AVAILABLE DATA: Begin
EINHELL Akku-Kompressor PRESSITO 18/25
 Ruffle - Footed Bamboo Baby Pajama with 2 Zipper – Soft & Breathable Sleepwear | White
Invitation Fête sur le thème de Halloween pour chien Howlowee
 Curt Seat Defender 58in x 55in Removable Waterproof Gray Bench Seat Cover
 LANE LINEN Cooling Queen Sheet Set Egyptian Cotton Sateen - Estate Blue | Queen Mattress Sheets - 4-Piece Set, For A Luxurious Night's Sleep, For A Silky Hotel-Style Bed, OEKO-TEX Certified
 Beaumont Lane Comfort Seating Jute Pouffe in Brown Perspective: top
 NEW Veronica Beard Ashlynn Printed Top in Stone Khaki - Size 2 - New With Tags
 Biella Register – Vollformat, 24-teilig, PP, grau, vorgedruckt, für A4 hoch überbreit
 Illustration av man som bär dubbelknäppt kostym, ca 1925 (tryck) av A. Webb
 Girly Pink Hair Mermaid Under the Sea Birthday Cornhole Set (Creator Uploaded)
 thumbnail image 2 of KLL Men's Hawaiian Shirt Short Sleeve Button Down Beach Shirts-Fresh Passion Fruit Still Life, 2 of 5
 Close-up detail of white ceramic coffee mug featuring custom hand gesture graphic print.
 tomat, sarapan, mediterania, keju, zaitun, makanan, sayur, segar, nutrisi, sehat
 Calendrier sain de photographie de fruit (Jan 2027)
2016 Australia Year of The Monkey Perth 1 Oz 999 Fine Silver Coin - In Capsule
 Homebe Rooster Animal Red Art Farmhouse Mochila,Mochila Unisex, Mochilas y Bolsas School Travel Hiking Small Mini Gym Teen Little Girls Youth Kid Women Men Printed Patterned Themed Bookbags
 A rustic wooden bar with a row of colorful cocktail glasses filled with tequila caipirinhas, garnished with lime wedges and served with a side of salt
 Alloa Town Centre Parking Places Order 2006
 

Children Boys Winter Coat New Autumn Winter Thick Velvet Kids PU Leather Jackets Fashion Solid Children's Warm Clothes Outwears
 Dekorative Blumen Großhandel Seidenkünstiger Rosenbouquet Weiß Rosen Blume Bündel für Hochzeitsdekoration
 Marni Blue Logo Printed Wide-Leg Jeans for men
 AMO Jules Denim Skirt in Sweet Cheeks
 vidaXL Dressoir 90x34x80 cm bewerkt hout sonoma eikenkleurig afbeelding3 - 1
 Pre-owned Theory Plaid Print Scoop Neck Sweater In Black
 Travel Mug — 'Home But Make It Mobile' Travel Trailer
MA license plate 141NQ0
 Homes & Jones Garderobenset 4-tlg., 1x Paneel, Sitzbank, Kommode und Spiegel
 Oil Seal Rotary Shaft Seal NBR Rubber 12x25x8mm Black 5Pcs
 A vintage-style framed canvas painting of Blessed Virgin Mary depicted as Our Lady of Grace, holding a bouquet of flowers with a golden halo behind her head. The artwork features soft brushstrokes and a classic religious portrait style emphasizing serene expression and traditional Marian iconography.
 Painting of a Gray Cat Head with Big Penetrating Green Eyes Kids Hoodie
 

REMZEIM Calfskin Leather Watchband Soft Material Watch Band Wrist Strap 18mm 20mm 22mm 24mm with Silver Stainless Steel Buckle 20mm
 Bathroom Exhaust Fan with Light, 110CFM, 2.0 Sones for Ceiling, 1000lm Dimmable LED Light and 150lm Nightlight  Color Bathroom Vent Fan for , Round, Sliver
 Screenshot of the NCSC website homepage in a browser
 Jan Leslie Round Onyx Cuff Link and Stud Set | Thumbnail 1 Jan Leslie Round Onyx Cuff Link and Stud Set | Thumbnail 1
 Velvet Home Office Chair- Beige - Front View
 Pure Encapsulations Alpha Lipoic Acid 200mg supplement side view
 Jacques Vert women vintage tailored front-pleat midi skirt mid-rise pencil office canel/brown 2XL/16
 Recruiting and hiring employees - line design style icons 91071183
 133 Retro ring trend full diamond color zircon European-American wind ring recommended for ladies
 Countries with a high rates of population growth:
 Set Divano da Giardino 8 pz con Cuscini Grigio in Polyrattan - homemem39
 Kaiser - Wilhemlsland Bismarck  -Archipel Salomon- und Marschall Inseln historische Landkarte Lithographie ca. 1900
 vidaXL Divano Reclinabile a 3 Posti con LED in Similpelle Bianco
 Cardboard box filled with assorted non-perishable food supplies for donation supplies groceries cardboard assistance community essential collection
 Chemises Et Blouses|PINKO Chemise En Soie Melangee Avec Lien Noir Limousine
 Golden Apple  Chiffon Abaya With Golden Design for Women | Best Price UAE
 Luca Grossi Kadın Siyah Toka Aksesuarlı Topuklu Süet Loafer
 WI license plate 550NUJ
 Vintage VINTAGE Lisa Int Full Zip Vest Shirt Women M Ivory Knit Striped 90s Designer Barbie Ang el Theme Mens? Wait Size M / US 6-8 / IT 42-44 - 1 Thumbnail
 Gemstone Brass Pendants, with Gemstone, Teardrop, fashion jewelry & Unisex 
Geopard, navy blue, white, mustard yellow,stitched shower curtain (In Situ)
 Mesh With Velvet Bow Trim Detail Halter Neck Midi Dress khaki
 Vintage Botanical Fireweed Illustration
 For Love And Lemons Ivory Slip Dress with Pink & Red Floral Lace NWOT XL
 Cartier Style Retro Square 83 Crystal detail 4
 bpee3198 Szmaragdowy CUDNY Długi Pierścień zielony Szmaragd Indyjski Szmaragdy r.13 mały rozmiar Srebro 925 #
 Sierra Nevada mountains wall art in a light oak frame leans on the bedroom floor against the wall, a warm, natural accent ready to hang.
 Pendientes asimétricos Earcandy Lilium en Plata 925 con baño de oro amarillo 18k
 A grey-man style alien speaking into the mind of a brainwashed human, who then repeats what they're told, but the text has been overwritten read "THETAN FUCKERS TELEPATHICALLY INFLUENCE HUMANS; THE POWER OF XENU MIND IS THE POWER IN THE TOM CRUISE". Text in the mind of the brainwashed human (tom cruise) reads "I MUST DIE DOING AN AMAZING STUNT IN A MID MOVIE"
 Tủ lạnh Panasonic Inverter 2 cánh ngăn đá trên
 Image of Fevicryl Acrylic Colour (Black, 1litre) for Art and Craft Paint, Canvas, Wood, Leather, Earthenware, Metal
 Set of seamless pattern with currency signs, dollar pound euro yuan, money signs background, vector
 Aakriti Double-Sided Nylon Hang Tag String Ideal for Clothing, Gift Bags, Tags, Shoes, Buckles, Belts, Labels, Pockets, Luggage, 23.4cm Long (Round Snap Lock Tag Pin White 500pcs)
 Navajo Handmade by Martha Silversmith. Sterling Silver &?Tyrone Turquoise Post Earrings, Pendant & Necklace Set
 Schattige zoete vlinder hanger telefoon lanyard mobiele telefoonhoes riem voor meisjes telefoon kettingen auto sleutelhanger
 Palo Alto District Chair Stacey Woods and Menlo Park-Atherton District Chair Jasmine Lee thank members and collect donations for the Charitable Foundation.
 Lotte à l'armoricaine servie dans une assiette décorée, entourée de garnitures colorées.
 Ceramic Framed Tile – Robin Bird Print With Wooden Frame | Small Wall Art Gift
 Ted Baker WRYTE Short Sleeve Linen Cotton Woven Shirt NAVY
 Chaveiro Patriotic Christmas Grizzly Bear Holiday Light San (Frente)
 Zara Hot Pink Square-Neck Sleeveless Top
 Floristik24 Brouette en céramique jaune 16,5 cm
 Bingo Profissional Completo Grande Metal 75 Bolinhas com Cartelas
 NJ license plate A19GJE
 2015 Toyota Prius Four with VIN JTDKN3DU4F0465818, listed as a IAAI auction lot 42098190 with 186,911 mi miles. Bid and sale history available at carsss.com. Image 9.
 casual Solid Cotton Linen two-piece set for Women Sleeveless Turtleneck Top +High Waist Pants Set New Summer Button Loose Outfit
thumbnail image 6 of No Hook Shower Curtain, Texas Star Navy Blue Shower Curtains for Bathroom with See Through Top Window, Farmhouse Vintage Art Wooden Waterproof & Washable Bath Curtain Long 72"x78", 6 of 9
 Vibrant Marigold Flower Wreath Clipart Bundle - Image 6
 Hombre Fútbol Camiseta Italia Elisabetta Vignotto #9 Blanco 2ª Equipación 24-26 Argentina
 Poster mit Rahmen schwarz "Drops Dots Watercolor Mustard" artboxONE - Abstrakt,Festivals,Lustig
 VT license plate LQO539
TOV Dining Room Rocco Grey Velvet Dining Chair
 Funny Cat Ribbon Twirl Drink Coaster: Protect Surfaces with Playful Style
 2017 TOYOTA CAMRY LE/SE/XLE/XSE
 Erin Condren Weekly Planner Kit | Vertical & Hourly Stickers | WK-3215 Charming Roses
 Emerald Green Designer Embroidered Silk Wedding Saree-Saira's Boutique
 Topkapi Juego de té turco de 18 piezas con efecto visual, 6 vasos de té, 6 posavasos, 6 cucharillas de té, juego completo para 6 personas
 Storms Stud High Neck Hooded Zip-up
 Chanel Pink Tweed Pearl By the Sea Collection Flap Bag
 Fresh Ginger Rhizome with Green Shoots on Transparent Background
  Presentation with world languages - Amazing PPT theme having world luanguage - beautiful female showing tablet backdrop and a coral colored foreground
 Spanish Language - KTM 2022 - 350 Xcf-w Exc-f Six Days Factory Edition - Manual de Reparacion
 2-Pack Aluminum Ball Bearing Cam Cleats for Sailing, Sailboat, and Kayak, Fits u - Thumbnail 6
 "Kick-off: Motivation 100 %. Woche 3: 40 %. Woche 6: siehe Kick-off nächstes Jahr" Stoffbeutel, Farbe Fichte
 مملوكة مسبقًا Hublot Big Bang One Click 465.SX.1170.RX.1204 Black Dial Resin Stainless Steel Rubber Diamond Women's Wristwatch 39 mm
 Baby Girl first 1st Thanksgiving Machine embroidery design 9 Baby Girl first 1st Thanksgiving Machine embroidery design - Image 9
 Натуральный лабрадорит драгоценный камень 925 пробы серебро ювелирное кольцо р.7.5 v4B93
AVAILABLE DATA: End
_WHAT IS NEEDED:_ Above are some lines. Repeat exactly, and only, those from the line that has "thumbnail image 6" through the line that has "Storms Stud High Neck Hooded Zip-up".

_RESULT OF THE TASK:_
thumbnail image 6 of No Hook Shower Curtain, Texas Star Navy Blue Shower Curtains for Bathroom with See Through Top Window, Farmhouse Vintage Art Wooden Waterproof & Washable Bath Curtain Long 72"x78", 6 of 9
 Vibrant Marigold Flower Wreath Clipart Bundle - Image 6
 Hombre Fútbol Camiseta Italia Elisabetta Vignotto #9 Blanco 2ª Equipación 24-26 Argentina
 Poster mit Rahmen schwarz "Drops Dots Watercolor Mustard" artboxONE - Abstrakt,Festivals,Lustig
 VT license plate LQO539
TOV Dining Room Rocco Grey Velvet Dining Chair
 Funny Cat Ribbon Twirl Drink Coaster: Protect Surfaces with Playful Style
 2017 TOYOTA CAMRY LE/SE/XLE/XSE
 Erin Condren Weekly Planner Kit | Vertical & Hourly Stickers | WK-3215 Charming Roses
 Emerald Green Designer Embroidered Silk Wedding Saree-Saira's Boutique
 Topkapi Juego de té turco de 18 piezas con efecto visual, 6 vasos de té, 6 posavasos, 6 cucharillas de té, juego completo para 6 personas
 Storms Stud High Neck Hooded Zip-up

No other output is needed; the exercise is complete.